--- MATERIAL PROVIDED Enclosed Below ---
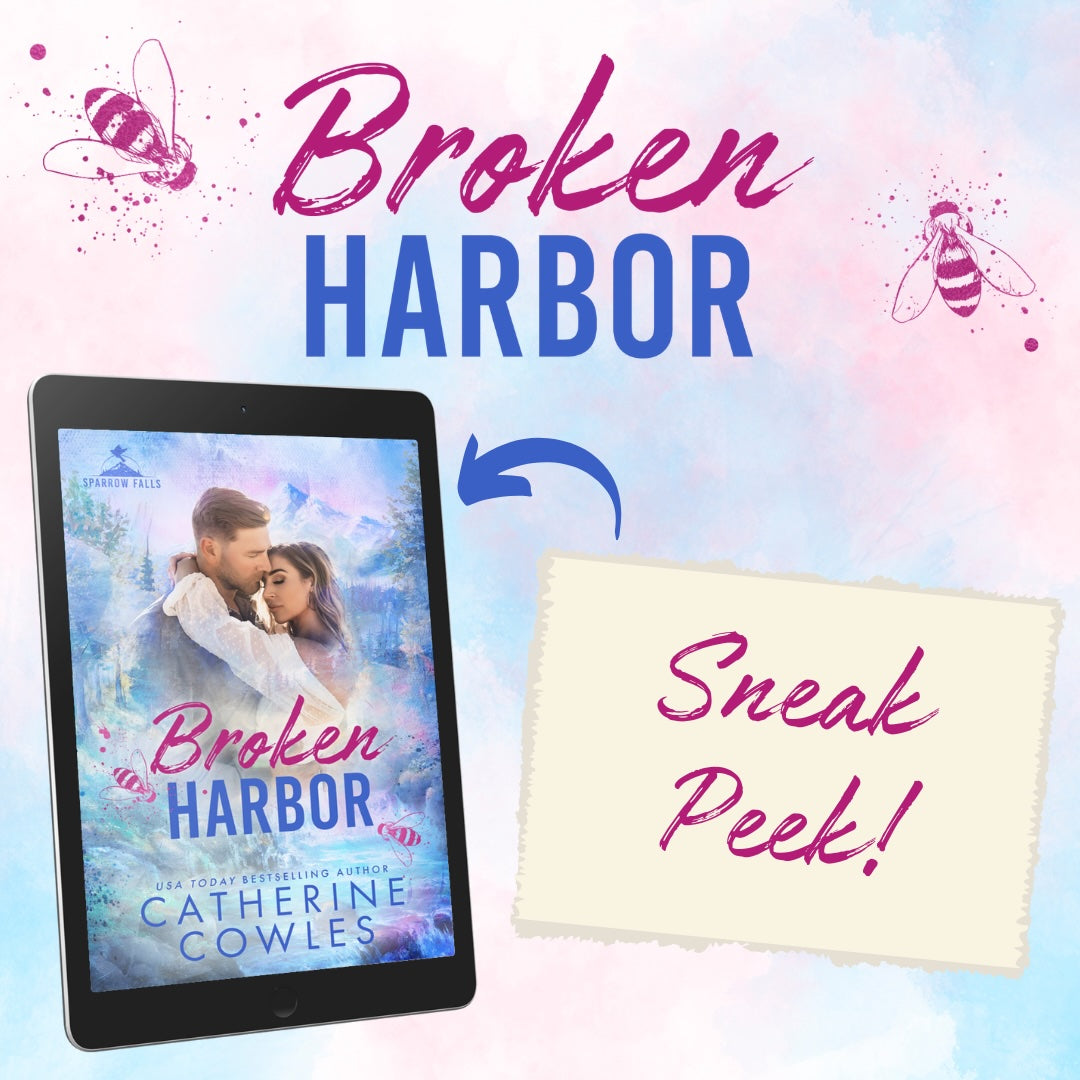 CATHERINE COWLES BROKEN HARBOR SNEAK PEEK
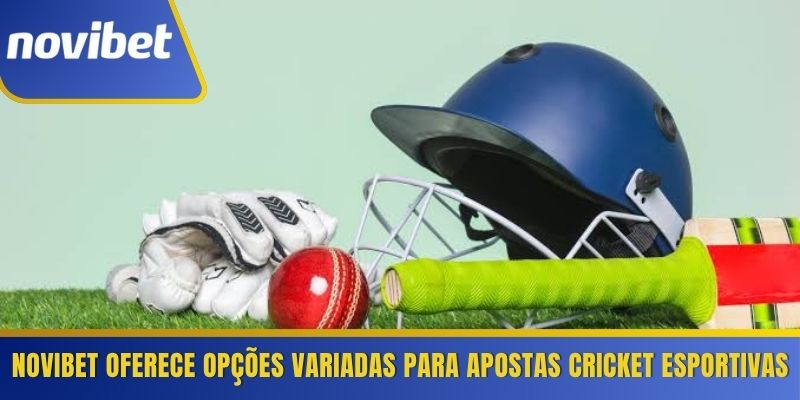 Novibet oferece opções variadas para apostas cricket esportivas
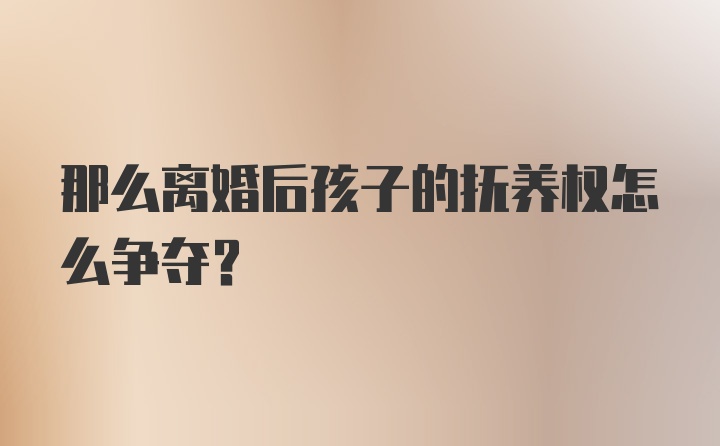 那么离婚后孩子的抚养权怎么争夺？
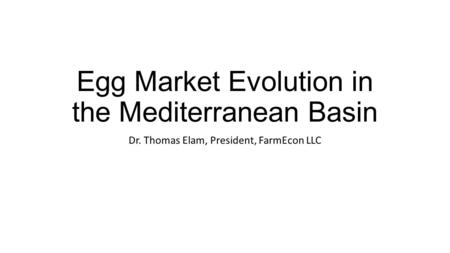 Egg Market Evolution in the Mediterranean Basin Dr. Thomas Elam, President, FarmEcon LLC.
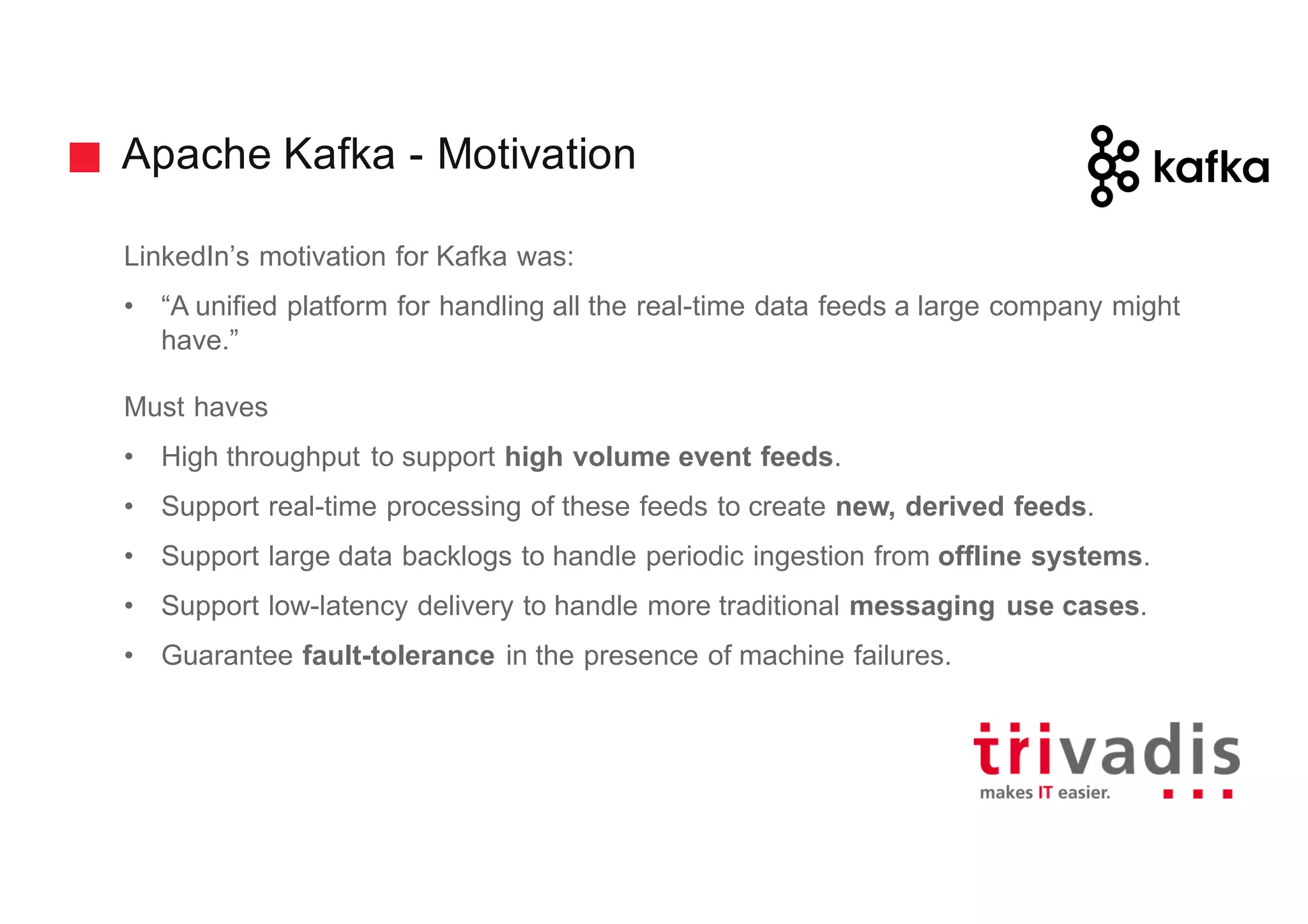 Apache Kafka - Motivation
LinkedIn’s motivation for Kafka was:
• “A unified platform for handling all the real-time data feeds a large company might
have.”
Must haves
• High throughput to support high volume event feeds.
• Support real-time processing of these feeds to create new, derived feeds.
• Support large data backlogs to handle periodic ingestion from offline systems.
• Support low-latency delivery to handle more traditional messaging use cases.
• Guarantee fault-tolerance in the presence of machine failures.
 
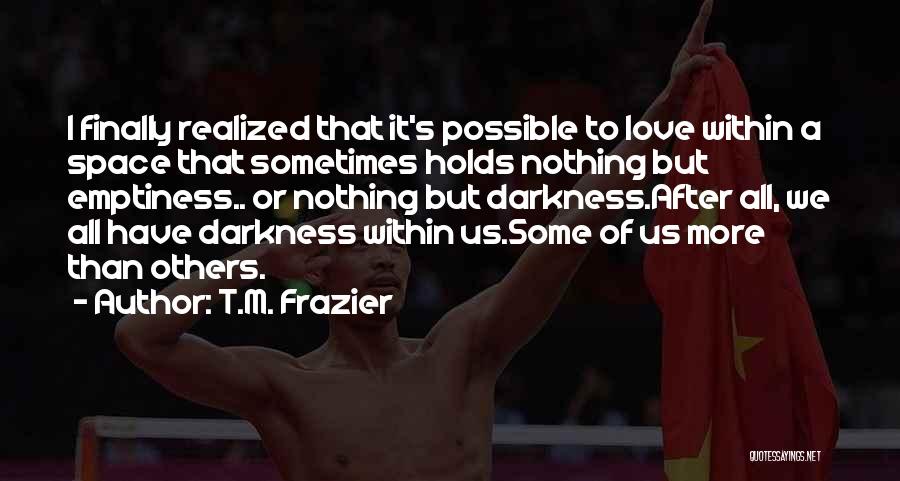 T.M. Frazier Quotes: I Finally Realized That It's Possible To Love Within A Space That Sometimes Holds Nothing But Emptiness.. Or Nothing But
--- End of Enclosed MATERIAL PROVIDED ---
(WORK REQUEST): Please transcribe the material above exactly as written. Leave the pictures out.

(OUTPUT FOR THIS TASK):
 CATHERINE COWLES BROKEN HARBOR SNEAK PEEK
 Novibet oferece opções variadas para apostas cricket esportivas
 那么离婚后孩子的抚养权怎么争夺？
 Egg Market Evolution in the Mediterranean Basin Dr. Thomas Elam, President, FarmEcon LLC.
 Apache Kafka - Motivation
LinkedIn’s motivation for Kafka was:
• “A unified platform for handling all the real-time data feeds a large company might
have.”
Must haves
• High throughput to support high volume event feeds.
• Support real-time processing of these feeds to create new, derived feeds.
• Support large data backlogs to handle periodic ingestion from offline systems.
• Support low-latency delivery to handle more traditional messaging use cases.
• Guarantee fault-tolerance in the presence of machine failures.
 
 T.M. Frazier Quotes: I Finally Realized That It's Possible To Love Within A Space That Sometimes Holds Nothing But Emptiness.. Or Nothing But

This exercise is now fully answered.